A lot of the criticisms are based on the fact that some of the comments made about her have been superficial and trivial: her speaking voice, her display of cleavage.

I admit that when I see references to her legs or the fact that she wears pant suits, my reaction is: hey, that's sexist and unfair. So I'm not saying I approve of all this. (As I said before, though, it doesn't bother me for people to talk about her voice or cleavage.)

But it doesn't make sense to go from saying that the media's criticisms of her have been superficial ... to saying that Hillary in particular was hurt by sexism.

A presidential race is a zero-sum game. That means that anything that hurts one candidate has to help the other candidate. Therefore, if something "hurts" all the candidates, it really hurts none of them. If you're saying she was hurt by sexism, that's implying not just that there were unfair criticisms of her, but that they were criticisms of a sort that male candidates don't have to withstand.

Well, I agree that there have been some unfair criticisms of her.
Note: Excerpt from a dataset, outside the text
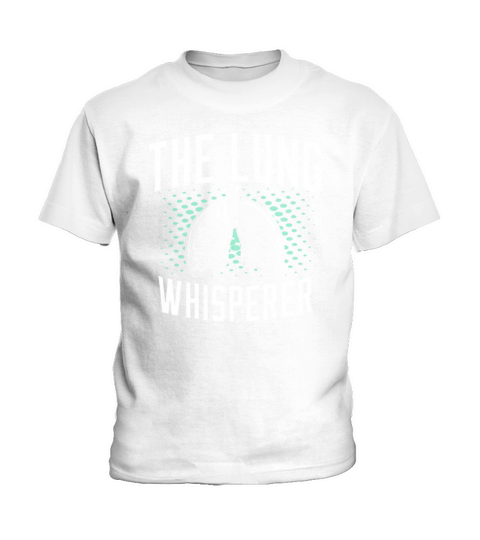 The Lung Whisperer - Pulmonologist RT Respiratory Kids T-Shirt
But to imply that male candidates aren't treated just as unfairly, or that the discussion of them isn't just as superficial? I mean, maybe you could believe that ... if you had never observed how any other presidential candidate has ever been treated.

I have some news for Clinton supporters who think that superficial criticisms of her are evidence of sexism:

Media Focus on Candidates' Personal Quirks
Trivialities, Superficialities Discussed More Than Policy Issues

Barack Obama is criticized for not wearing an American flag pin on his lapel. His exotic name is a major topic of discussion among serious commentators.
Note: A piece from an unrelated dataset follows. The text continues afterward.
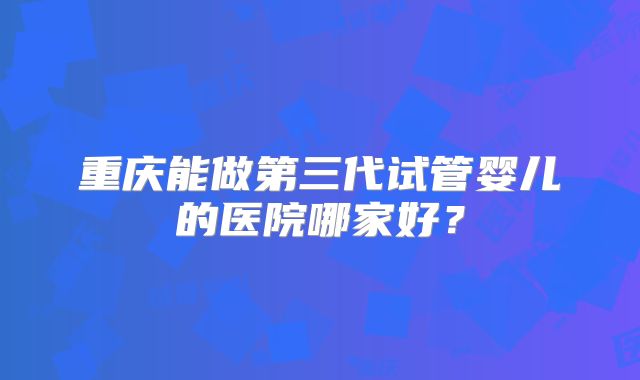 重庆能做第三代试管婴儿的医院哪家好?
John Edwards is ridiculed for seeming to spend too much time and money on his appearance.

Mitt Romney is criticized for being too polished and robotic, and his own staffers worry that his hair is "too perfect."

Bill Richardson receives little media attention despite having a more impressive resume than Clinton, Edwards, or Obama, and you have to wonder if the fact that he's not as conventionally attractive as those three candidates has something to do with it.
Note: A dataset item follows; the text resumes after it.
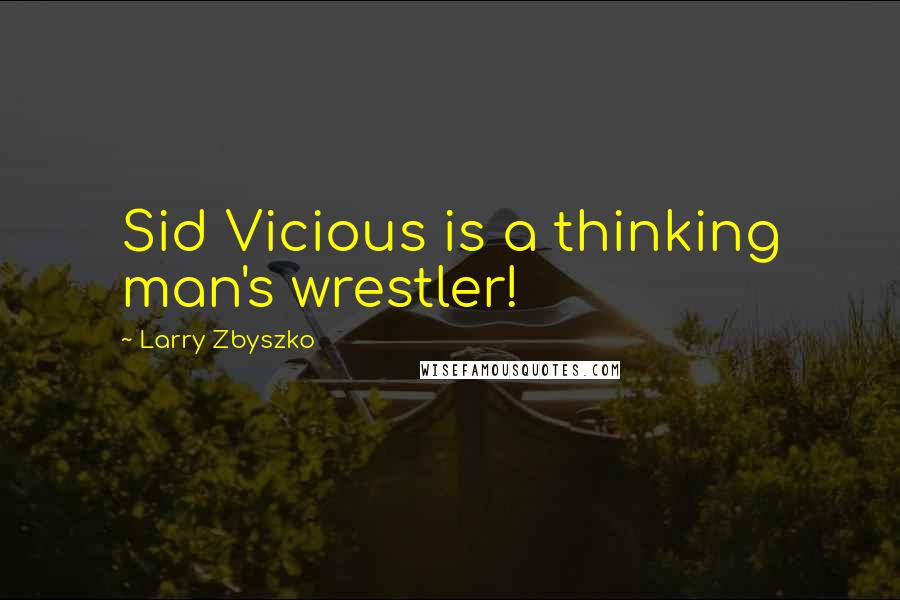 Larry Zbyszko Quotes: Sid Vicious is a thinking man's wrestler!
Before he officially enters the race, the media focuses on Fred Thompson more than any of his Republican rivals even though he doesn't have especially interesting ideas or accomplishments. The discussion in the media largely focuses on his perceived "sex appeal" and masculinity.

Dennis Kucinich is mocked as an elf-like creature whose wife is too attractive for him. While he might be too far left to have a real chance at becoming president, you have to wonder if he'd receive more favorable coverage if he had equally liberal positions but were a suave 6'4" man with a baritone voice.

John Kerry is criticized more for his stodgy demeanor than his policy stances — which the media don't report on because they're too busy mocking his rhetorically clumsy but substantively defensible statement that "I voted for it [one particular Iraq appropriations bill] before I voted against it [a related but significantly different bill]." It becomes common to talk about his horse face.

After Howard Dean loses the Iowa caucus in 2004, the media never report on him without mentioning that he let out an ill-considered yelp (which is always referred to as "the Dean scream") in an understandable effort to rally his supporters after a shocking defeat.

Dick Gephardt is routinely derided for lacking a "rock star" quality even though he's actually one of the most passionate speakers among the 2004 candidates.

Al Gore is criticized for seeming "stiff" and "wooden," for sighing heavily in a debate, for wearing "earth tones," and for walking over toward Bush in an awkward manner. He receives an enormous amount of attention for aggressively kissing his wife Tipper at the Democratic Convention -- a stunt clearly intended to broadcast his male sexuality.

George W. Bush is regularly mocked for stumbling over his words.

Bill Clinton is regularly mocked as fat.

George H.W. Bush is famously called a "wimp" on the cover of Newsweek magazine and is criticized for asking for a "splash" of coffee.

John F. Kennedy has a better tan and shave than Richard Nixon in a debate. This is widely seen as being a major factor in Kennedy's victory.

Presidential races are superficial and unfair. That's true whether the candidate is a Democratic or a Republican. It's true whether the candidate is a man or a woman. And it's unlikely to change in the near future.

(Photo of Edwards from the Edwards campaign.)


Ann Althouse said...

I love the picture of poor suffering John Edwards, who is not just a head of hair but a human being.